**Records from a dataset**
--- --- ---

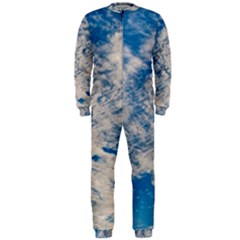 Clouds Sky Scene Onepiece Jumpsuit (men)  by Celenk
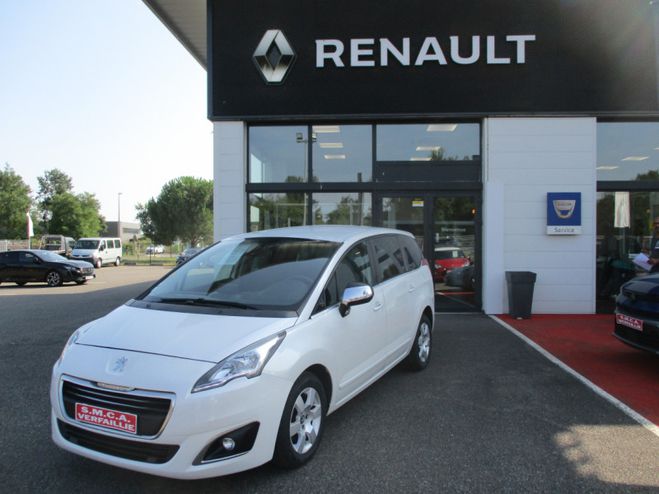 Peugeot 5008 1.6 e-HDi 115ch FAP ETG6 BLUE LION Allur  de 2014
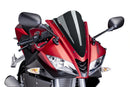 YAMAHA YZF-R 125 [2018] - PUIG Racingscheibe | Carbon-Optik | PUIG 4637C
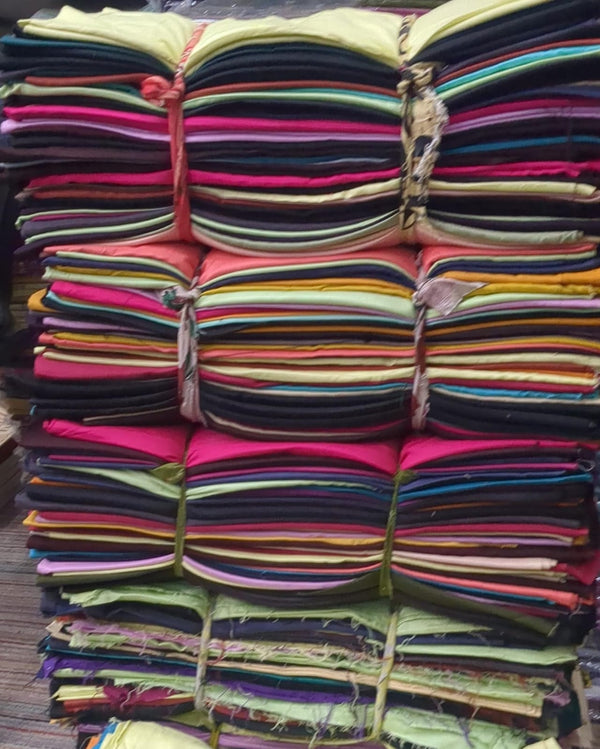 Linen Cut Piece Bundle 100M 1 Set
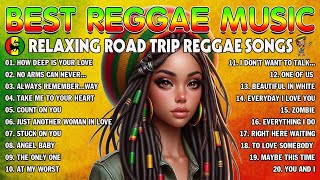 BEST REGGAE MIX 202️4RELAXING REGGAE SONGS✽REGGAE MUSIC HITS 2024 [upl. by Epoillac552]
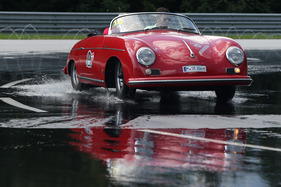 Porsche 356 1500 Super S (1954) - an der Saalbach Classic 2013 (1954)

--- --- ---

**Problem to solve**
Treat the line with "Peugeot 5008 1.6" as the start and the line with "BEST REGGAE MIX" as the end, and return exactly that span of the data above, both ends included, without pictures.

**Solved problem**
 Peugeot 5008 1.6 e-HDi 115ch FAP ETG6 BLUE LION Allur  de 2014
 YAMAHA YZF-R 125 [2018] - PUIG Racingscheibe | Carbon-Optik | PUIG 4637C
 Linen Cut Piece Bundle 100M 1 Set
 BEST REGGAE MIX 202️4RELAXING REGGAE SONGS✽REGGAE MUSIC HITS 2024 [upl. by Epoillac552]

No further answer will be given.